Exercise
Below are entries. Reproduce exactly the lines between the line holding "Dipandu Dosen UIN" and the line holding "落ち着いた雰囲気の店内", inclusive, and only those.

====== Listed entries ======

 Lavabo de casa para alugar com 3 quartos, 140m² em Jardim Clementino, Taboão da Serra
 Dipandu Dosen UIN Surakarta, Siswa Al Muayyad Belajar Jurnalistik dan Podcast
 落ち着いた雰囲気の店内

======
====== Listed entries ======

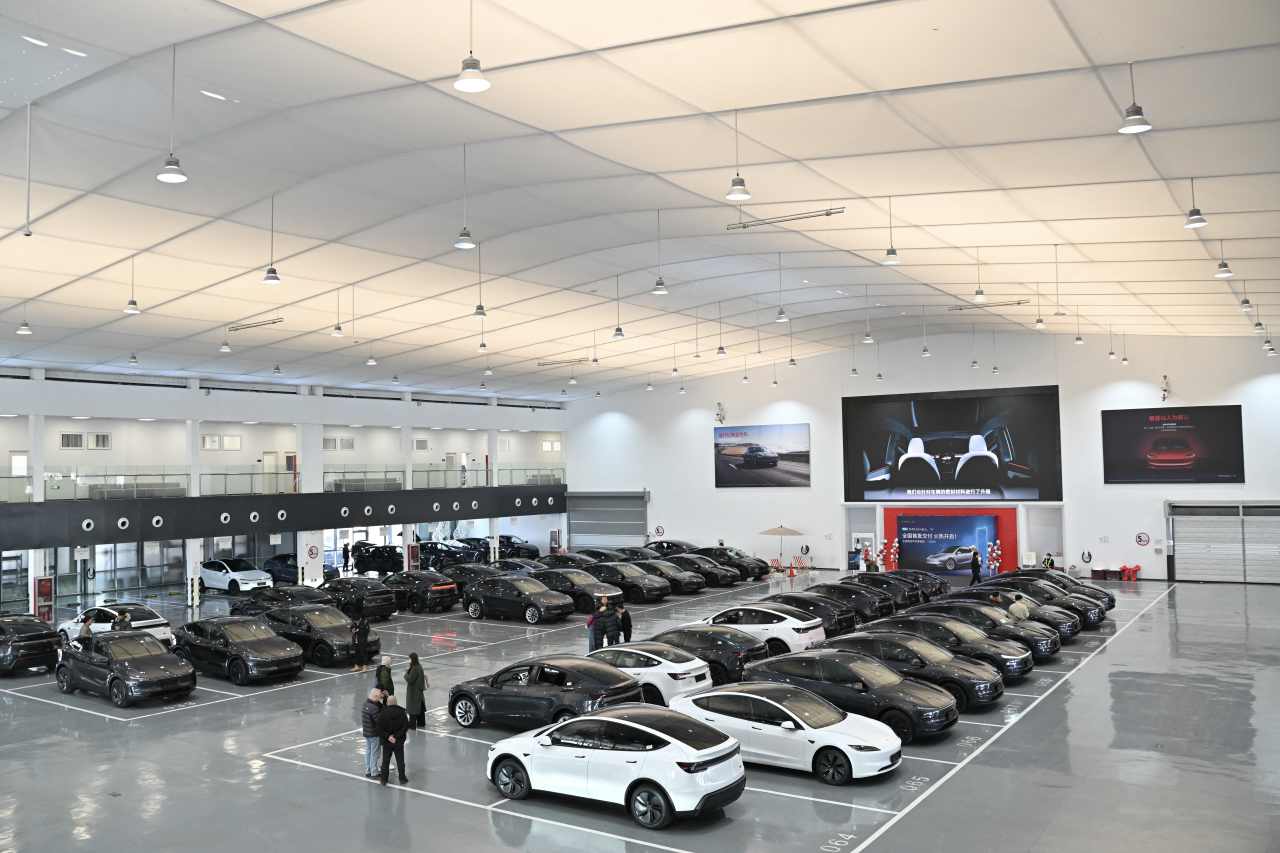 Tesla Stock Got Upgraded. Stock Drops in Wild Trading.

======

Your solution
 Dipandu Dosen UIN Surakarta, Siswa Al Muayyad Belajar Jurnalistik dan Podcast
 落ち着いた雰囲気の店内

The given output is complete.